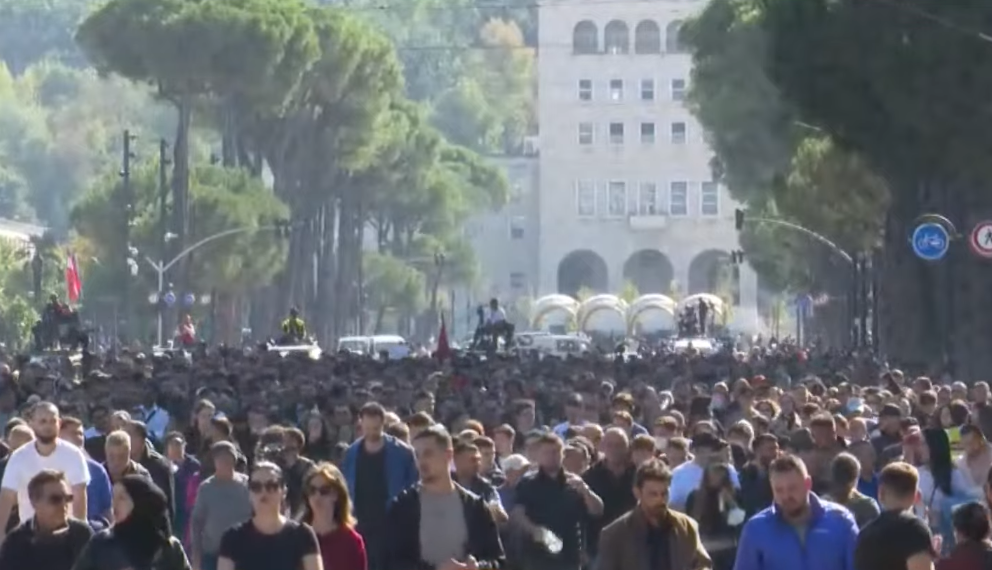 Dita e 9 e revoltës studentore  Pas tubimit para Kryeministrisë  studentët dhe pedagogët nisin marshimin drejt Ministrisë së Arsimit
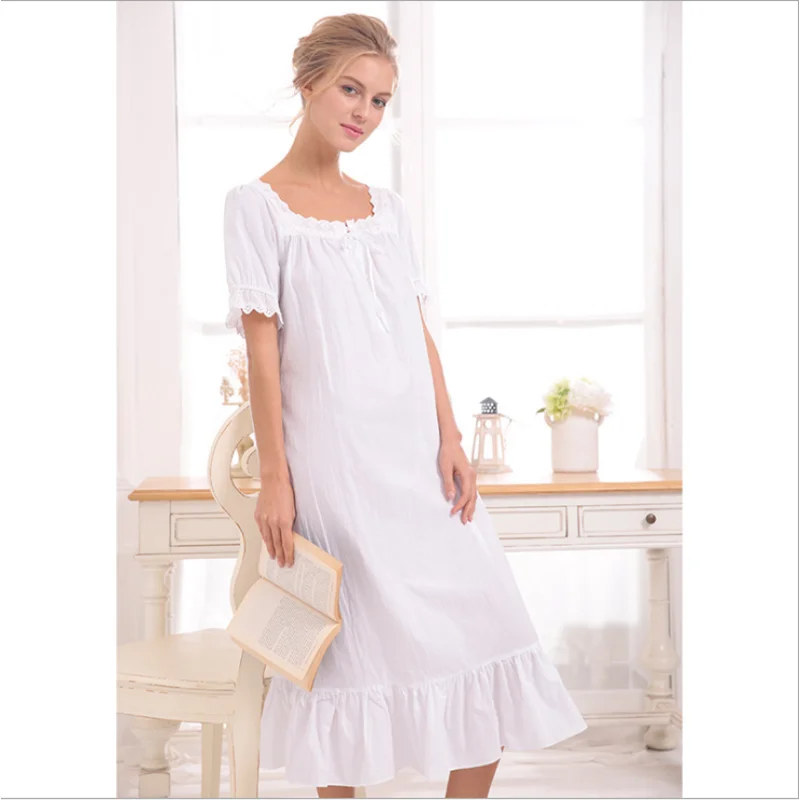 White Summer Female Sweety Lace Lovely Sleepshirt Ladies Cotton Long Nightgown Women Short sleeve Square collar sleepshirt - Цвет: White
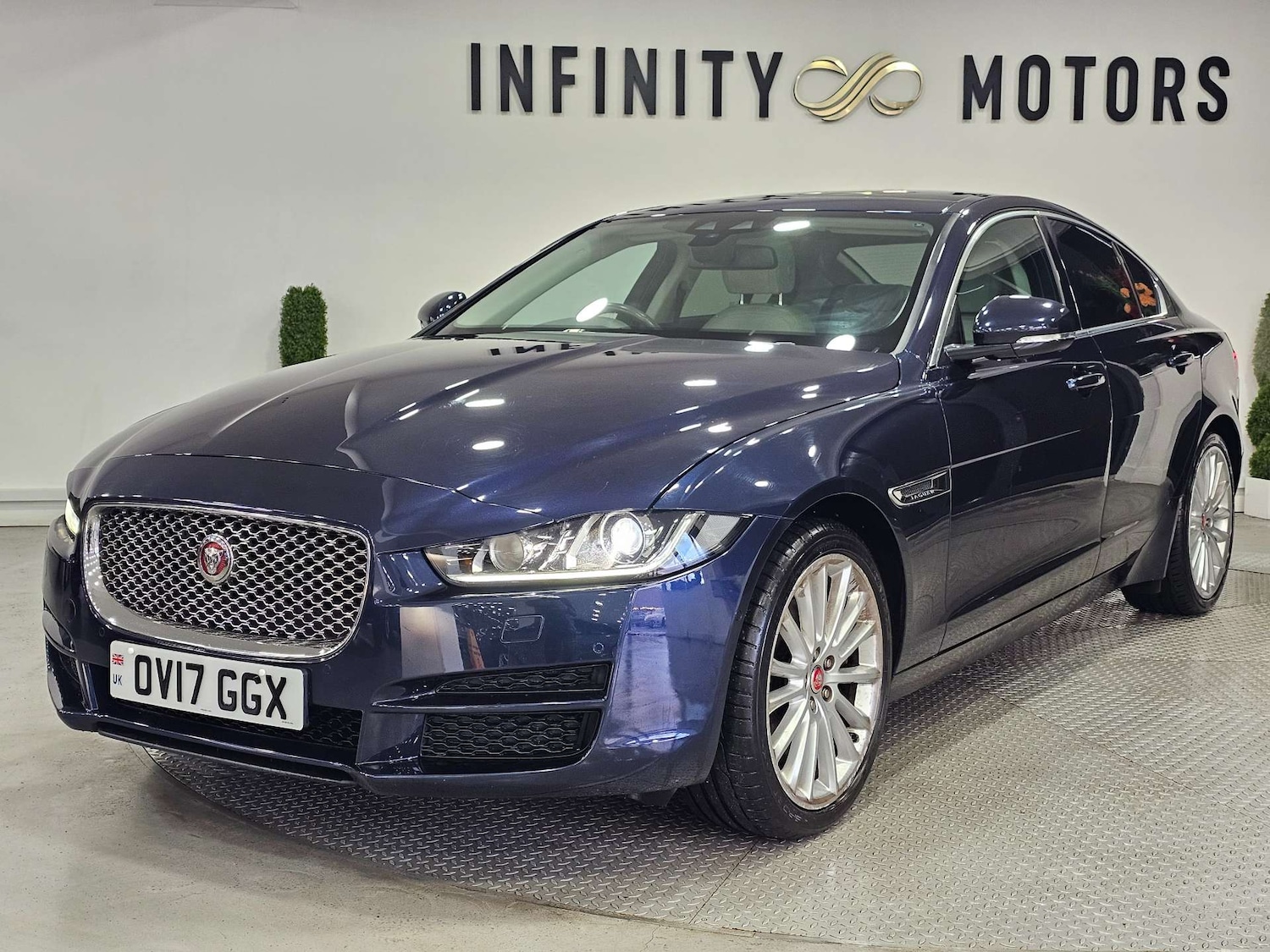 Used Jaguar XE 2017 for sale - 77025203: Photo 4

ASSIGNED TASK
Reproduce every line above word for word; no images.

RESPONSE TO THIS TASK
 Dita e 9 e revoltës studentore  Pas tubimit para Kryeministrisë  studentët dhe pedagogët nisin marshimin drejt Ministrisë së Arsimit
 White Summer Female Sweety Lace Lovely Sleepshirt Ladies Cotton Long Nightgown Women Short sleeve Square collar sleepshirt - Цвет: White
 Used Jaguar XE 2017 for sale - 77025203: Photo 4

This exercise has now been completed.